Türkiye, Afrika'da bir yer edinmeye çalışıyor. Onun imparatorluk inşa etme projesi, kendisini Müslüman Kardeşler'in kalıntılarıyla daha derin bir ilişkiye götürdü. Erdoğan, Irak, Suriye, Lübnan ve Yemen'de taburlar oluşturan Humeynistler gibi Irak'ta Türkmenlerden ve Suriye'nin İdlib vilayetinde yerel muhaliflerden paralı askerler topluyor.
Türkiye’nin siyasetine ve işlerine musallat olan son şeytan ise yolsuzluktur. Osmanlı İmparatorluğu'nda ve Kemalist cumhuriyette de elbette yolsuzluk vardı. Ancak her iki durumda da dini istikamet ve ulusal çıkarlar adına bazı kısıtlamalar vardı. Ancak şimdi yolsuzluk tüm sınırları aşıyor.
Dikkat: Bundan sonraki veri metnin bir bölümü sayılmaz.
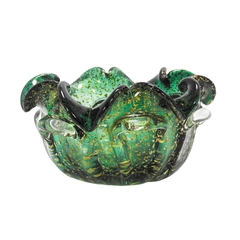 Centro De Mesa Murano Verde Escuro Pig. Ouro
Birleşmiş Milletler’in yetmişli yıllarda belirlediği eski sınır bile aşıldı ve neredeyse bir sapkınlık olmaktan çıktı.
Yılmaz ve onun siyasi nesli, Batılılaşmanın sahte savunucuları olduklarını kanıtladı. “Türk” sözcüğünü hala Hristiyanlık için bir tehdit olarak gören Jacques Chirac gibi Avrupalı ​​politikacıların dolaylı yardımı ile Türkiye'nin binlerce yıldır ayrılmaz bir parçası olduğu kıta ile nihai uzlaşma fırsatı yitirildi. Erdoğan, Avrupa ile stratejik bir kopuşu teşvik ederek, kulaklarına fısıldayan korkunç şeytanlarla birlikte ülkeyi bir meçhule doğru sürüklüyor.